Para nuestra enseñanza, no sé quién es el autor. “Primer día de clase, el profesor de Introducción al Derecho entró en la habitación y lo primero que hizo fue pedir el nombre de un estudiante que estaba sentado en la primera fila: - ¿Cuál es su nombre? - Nelson, señor. - ¡Fuera de mi clase y no vuelva nunca más!, gritó el maestro. Nelson estaba desconcertado. Cuando volvió en sí, se levantó rápidamente recogió sus cosas y salió de la habitación. Todo el mundo estaba asustado e indignado, pero nadie habló. “¡Muy bien!, vamos a empezar. ¿Para qué sirven las leyes?, preguntó el maestro. Los estudiantes seguían asustados, pero poco a poco empezaron a responder a su pregunta: “- Para tener un orden en nuestra sociedad. - ¡No!”, respondió el profesor. “- Para cumplirlas. - ¡No! - Para que las personas equivocadas paguen por sus acciones. - ¡No! - ¿Alguien sabe la respuesta a esta pregunta! - Para que se haga justicia”. Una muchacha habló con timidez: - ¡Por fin!

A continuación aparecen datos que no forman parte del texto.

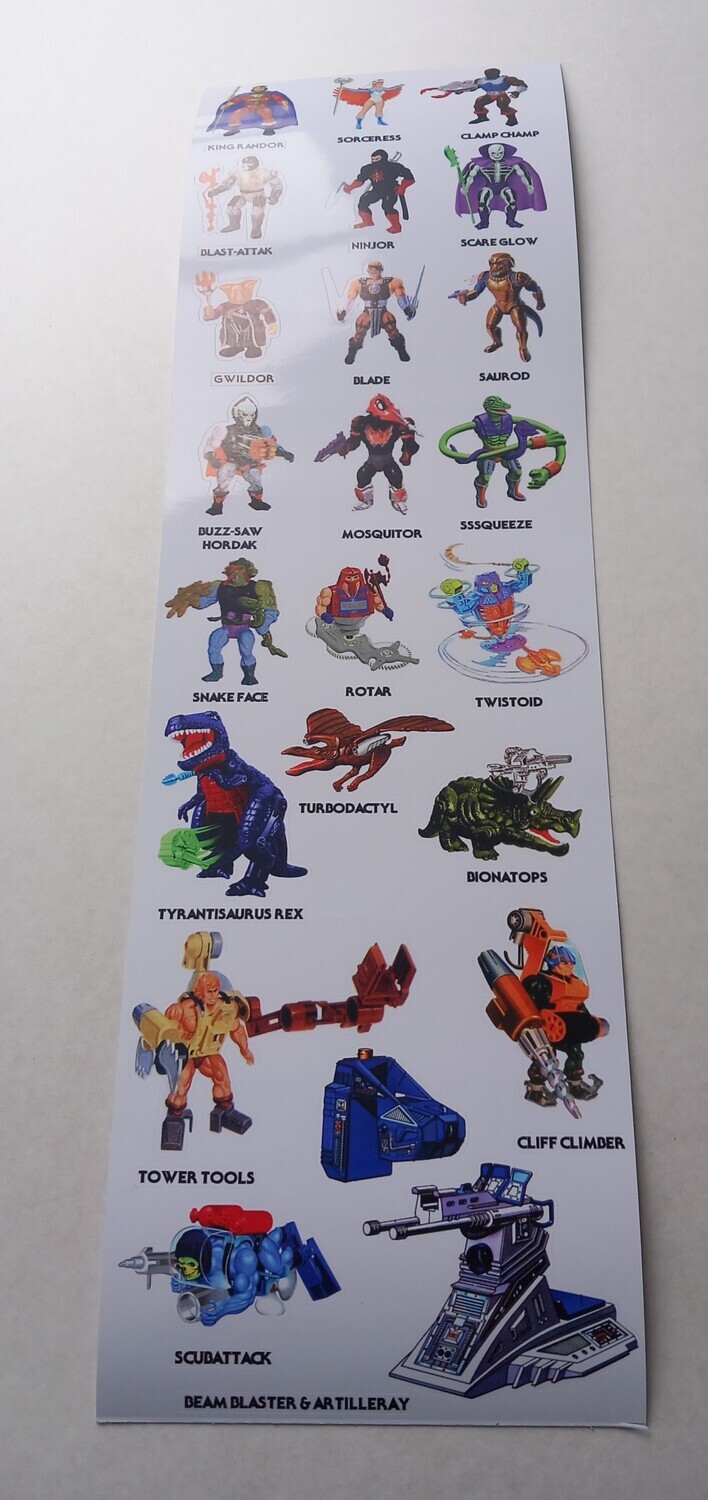 MOTU He Man Masters Of The Universe set of 23 stickers custom repro stickers labels decals printed on Canon 12 ink system printer on gloss vinyl...die cut...sheet size 17&quot; x 5&quot;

Es decir, por la justicia. Y ahora, ¿qué es la justicia? Todos empezaron a molestarse por la actitud tan deleznable del profesor. Sin embargo, continuaron respondiendo: - A fin de salvaguardar los derechos humanos ... - Bien, ¿qué más?, Preguntó el maestro. - Para diferenciar el bien del mal, para recompensar a aquellos que hacen el bien... - Ok, no está mal, pero respondan a esta pregunta: “¿Actué correctamente al expulsar a Nelson del aula?” Todos estaban en silencio, nadie respondió. “-Quiero una respuesta por unanimidad! - ¡No!”, todos contestaron al unísono. - ¿Se podría decir que he cometido una injusticia? - Sí! - ¿Y por qué nadie hizo nada al respecto? ¿Para qué queremos leyes y reglas, si no tenemos la voluntad necesaria para practicarlas? Cada uno de ustedes tiene la obligación de hablar cuando es testigo de una injusticia. Todos. No vuelvan a estar en silencio, nunca más! Vayan a buscar a Nelson -dijo-. Después de todo, él es el maestro, yo soy un estudiante de otro período. Aprendan: Cuando no defendemos nuestros derechos, se pierde la dignidad y la dignidad no puede ser negociada”.

Roberto Sehringer
rws27c@gmail.com


Como hijo de vecino

Estábamos con mi esposa haciendo cola para pasar el control de Aduanas en Ezeiza. Ella me dice: “creo que en la fila, atrás se encuentra Reutemann”. “No debe ser porque es senador nacional”, le respondí. Efectivamente estaba haciendo la fila Reutemann, como cualquier “hijo de vecino”. Me pareció destacable su actitud, a diferencia de la mayoría de los dirigentes políticos, que aprovechan sus títulos para obtener prebendas, y la que creo deberían imitar.